There's little question that Yahoo! (NASDAQ:YHOO) has some kinks to work out in terms of execution and business focus. Just like Chuck, I have been an avid Yahoo! user, relying on Yahoo! Finance in my research efforts and email to stay in contact with friends and colleagues. I've also noticed that ambitious upgrades to both platforms have left me wanting, particularly on a number of the stock charts I frequently download.

But unlike Chuck, I attribute it to nothing more than the bugs and kinks inherent in early versions of new technology. In fact, I see Yahoo! as more savvy than Google (NASDAQ:GOOG) when it comes to branching out into new online initiatives. I find Google's financial portal extremely pedestrian and un-user friendly, with a bunch of seemingly uncoordinated menu items and news sections. And I'm not keeping official score, but I find that Gmail crashes far more often than Yahoo! Mail: I regularly use email on both platforms. Finally, anyone keeping tabs on Microsoft's (NASDAQ:MSFT) Vista realizes how difficult it is to introduce a perfect version of new software and other programs. Even almighty Apple (NASDAQ:AAPL) has needed to improve on early versions of iPods and iPhones, both from a software and a hardware perspective.

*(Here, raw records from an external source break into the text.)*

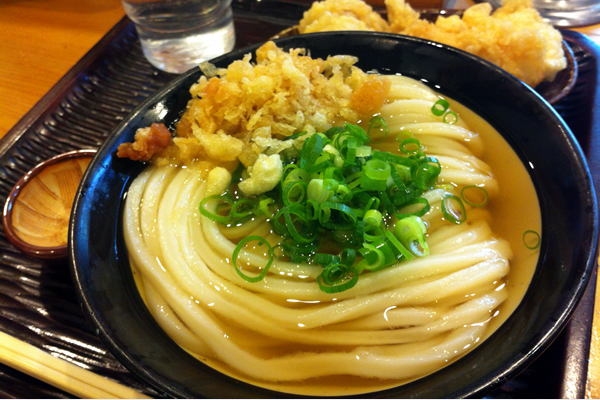 東京にいながら本場讃岐うどんを堪能！ホンモノの麺のコシが味わえる うどん 丸香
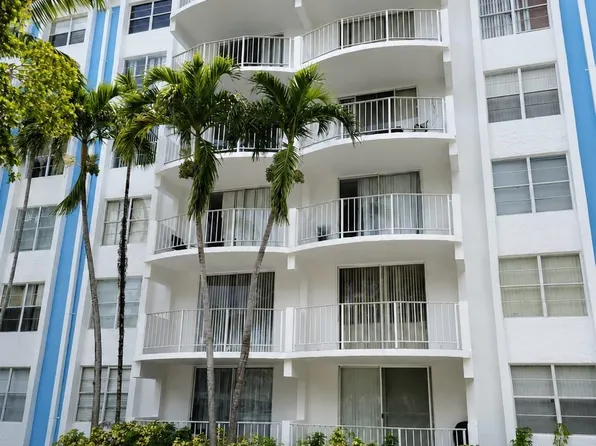 484 NW 165TH ST Street #A-609, Miami, FL 33169
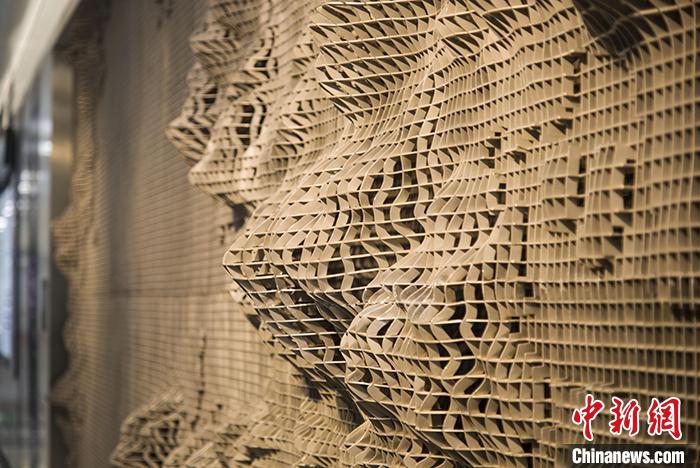 “深圳地鐵美術館”第二期公共藝術展：深圳地鐵5號線南延線前灣站《谷地地理計劃——大灣藍圖》?！↑S偉哲 攝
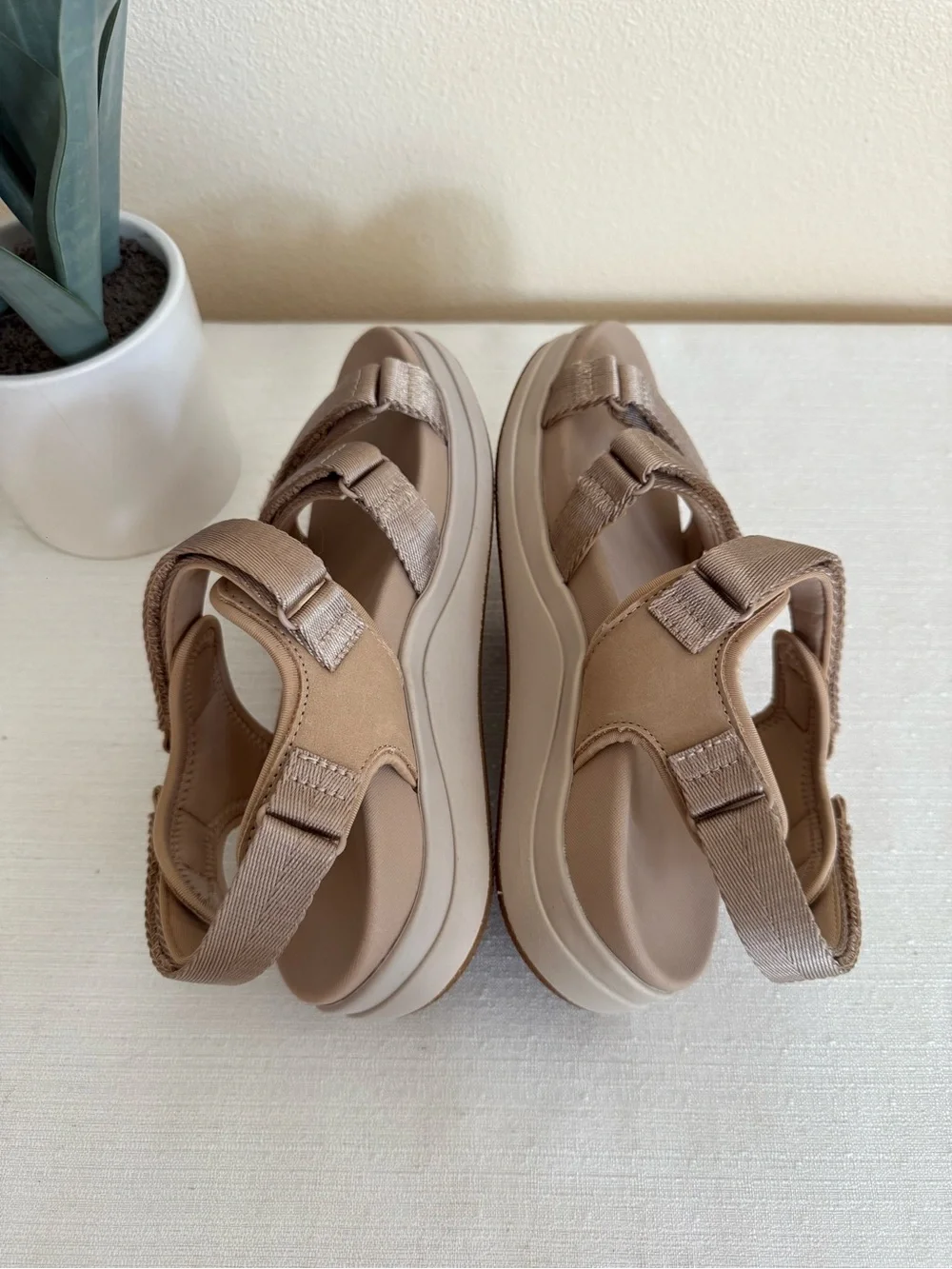 New ABEO Beige Leather Adjustable Strap Comfy Sandals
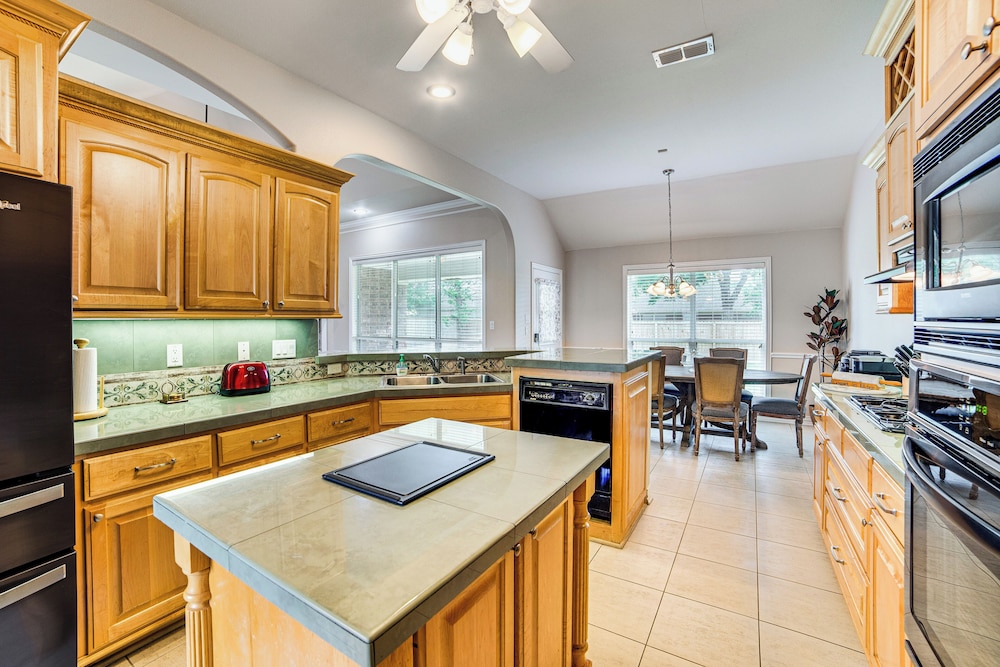 8 Mi to Lake Palestine: Peaceful Family Retreat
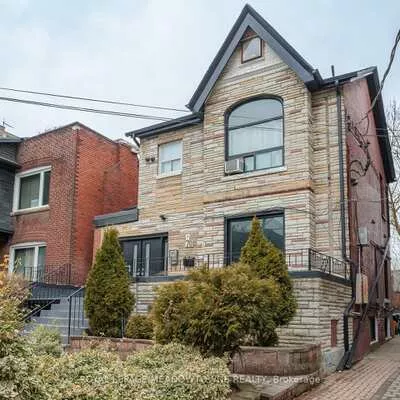 70, Melbourne, South Parkdale, Toronto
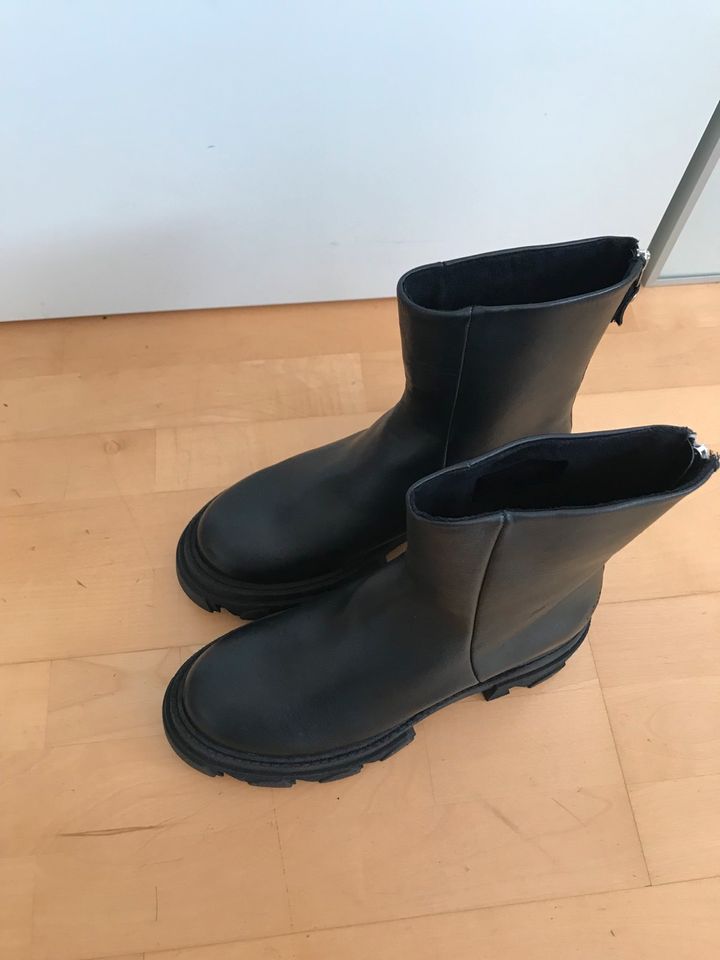 Leder Boots Combat Plateau Steve Madden in Hannover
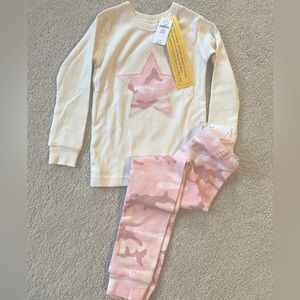 Gap Kids Pink Camo Pajamas Set - 3T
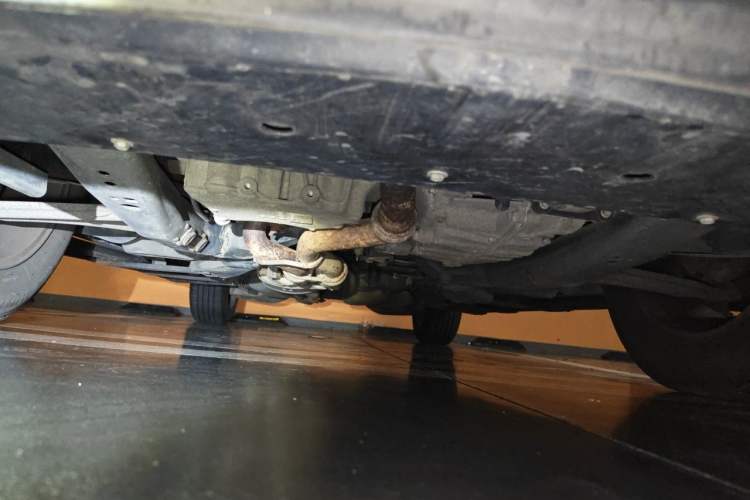 Used Cadillac SRX 2014 3.0L Comfort Model Chassis Front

Despite these seemingly "di-worse-ification" efforts, Google, Yahoo!, and Microsoft remain key players in online search and advertising, which will only continue to grow worldwide. Sure, Google is the undisputed leader, as Yahoo! lost focus of its core business, and MSN Network remains a distant third. But Yahoo! has shaken up the management ranks to re-emphasize its core business, which boils down to millions of loyal users using its portals and search functions. Advertisers will always want to pay up to reach this large audience, and the fact that new technology is steadily being introduced means the competitive landscape is in constant flux -- a good thing if you're not the leader.

Yahoo! has plenty of work to do to make more money from a subscriber base that primarily uses its free functions, but the high margins at some of its peers show just how much potential remains. Online advertising is a growth industry, and it's hard to argue against Yahoo! at its current levels.